Ich rede bestimmt nicht den Franzosen das Wort, die Pétrus auch gerne im Wasserglas trinken, und selbst auf einem der berühmtesten Weingüter Deutschlands musste ich schon tausende Euro teure Auslesequalitäten in Weinfest-Gläsern (eine Art Miniaturwassergläser) probieren.
Aber zwei oder drei Glastypen reichen völlig aus, und die Behauptung, es müssten unbedingt die teuren sein, die, die beim ersten Anfassen zerbrechen, ist nichts als billige Propaganda für die Glasindustrie.
Follow up: müßte es nicht reichen diese Ausdifferenzierung wieder auf Gläser nach Weintypus zurückzuführen.
Also etwa ein Glas für junge Weißweine, eines für alte bzw. höhere Qualitäten und entsprechend dann für Rotweine. Ansonsten erhöht sich der Glasverbrauch ja wirklich dramatisch und die Küchenmöbelhersteller müssen kreativ werden.
Biergläser entsorgen und aus der Flasche trinken, schafft kurzfristig Platz
Für Syrah und Shiraz nur ein Glas???
Na ja, daran kann man noch arbeiten. Vielleicht kommt die Firma aus Kufstein ja auch noch auf den Dreh, dass ein Glas pro Appellation nicht reicht: Eines für Syrah von der nördlichen Rhône, eines für die südliche, eines für jedes Prozent Alkohol, eines für je 10 % neue Barriques im Ausbau …. die Möglichkeiten sind unendlich!
Nörgelt nur alle rum.

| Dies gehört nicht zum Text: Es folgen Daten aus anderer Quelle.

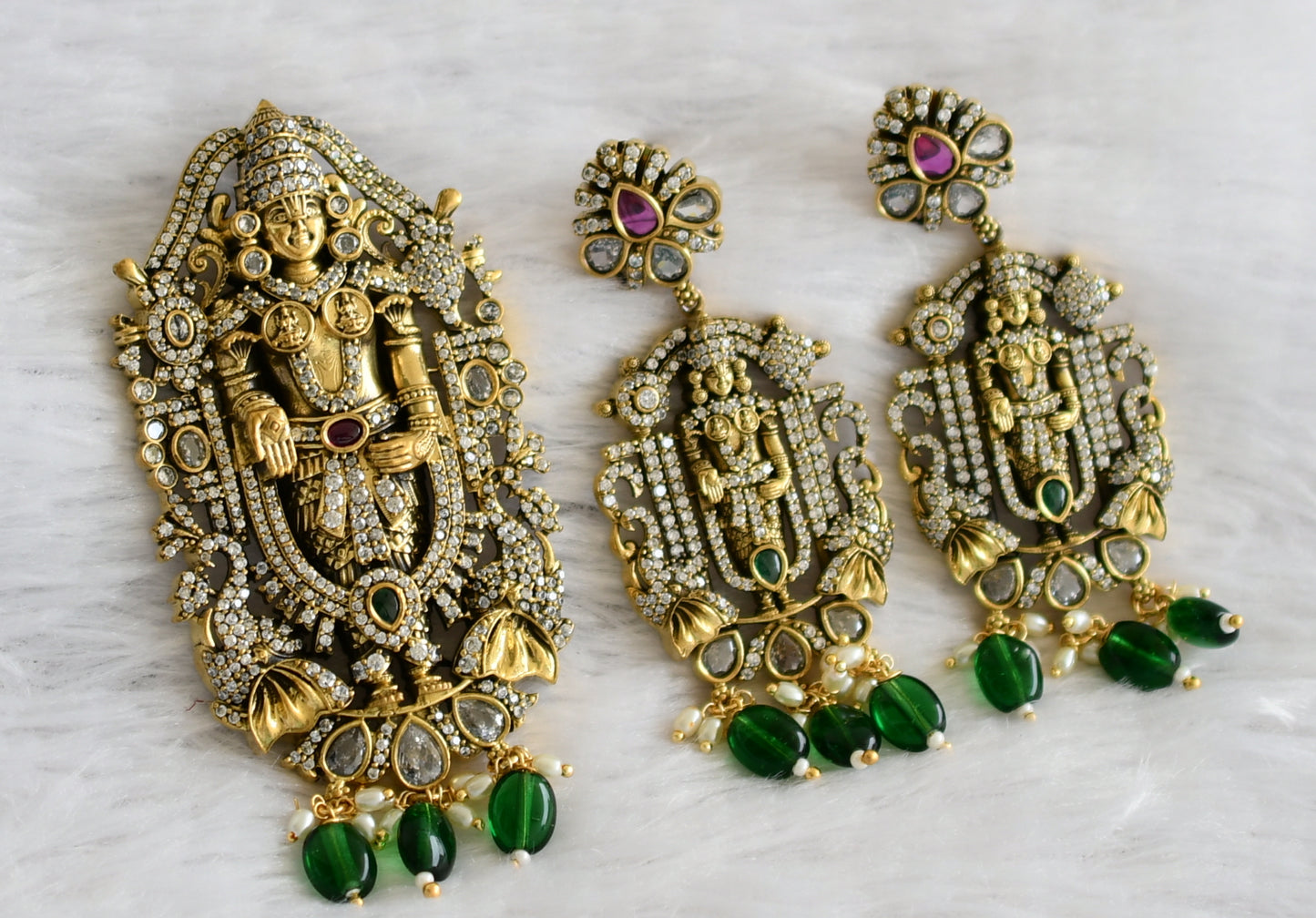 Antique gold tone sri venkateswara cz kemp-green stone green bead victorian pendant set dj-46969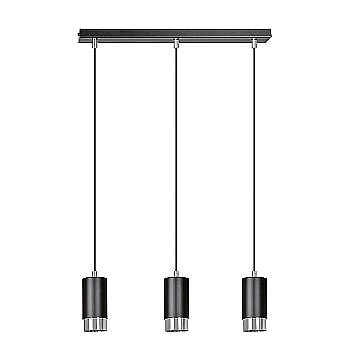Lampadario 3 Luci Ivar Con Cilindri In Acciaio Nero E Cromo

Ich freue mich über meine 7 verschiedenen Gläser, schütte die Weine hin und her und hab Spaß am Riechen (wie damals beim Klebstoff)..
Hat der Captain nicht an anderer Stelle laut geäußert, dass das Gläserbrimborium tendenziell übertrieben wird und man mit einem Klassiker wie z.B. dem Chianti-Glas von Riedel doch schon sehr, sehr weit kommt?
Ah! Glue sniffer?? Jetzt hab ich’s kapiert 🙂
… wohl auch noch mit Billigkleber von Aldi, Billa oder was weiß ich ??
Wenn ich den Captain richtig verstanden hab, hat er nicht gesagt, dass man für jeden Wein das jeweilige Glas benötigt, noch dass es aus Kufstein sein muss. Er schreibt doch klar, dass es einfach Spaß macht, einen Bordeaux mal eben auch aus einem Syrah oder einem Brunello-Glas zu probieren, um so aus einer Flasche gleich mehrere Sinneseindrücke zu machen.
Und wenn ich so statt 3 Flaschen nur eine aufmachen muss, hat sich die Investition doch wieder gelohnt. Spielfreude ist angesagt und das nicht nur beim Fußball… (Wie man sich denken kann, gehe ich darin mit dem Captain konform… ausnahmsweise!)
Moinsen,
welche Riedel Glas meint ihr denn als gute Zwischenlösung (ohne jetzt hier eine Werbung ins Rollen bringen zu wollen)? Riedel Zinfandel Chianti Classico 4400/15 Sommeliers oder Riedel Sommeliers Riesling Grand Cru / Chianto Classico ? Natürlich bin ich über jegliche Tipps unterhalb dieser Preisklasse auch dankbar 🙂
ich/wir trinken unsere weine – egal ob rot oder weiss – aus dem
Spieglau-glas Willsberger Collection Bordeaux
und man/frau schmeckt den unterschied zu einem „normalen glas“
na da muss ich meinen Senf doch auch dazu geben, wo ich doch gestern erst wieder zwei Riedel Sommeliers der Kragen abgedreht habe!!!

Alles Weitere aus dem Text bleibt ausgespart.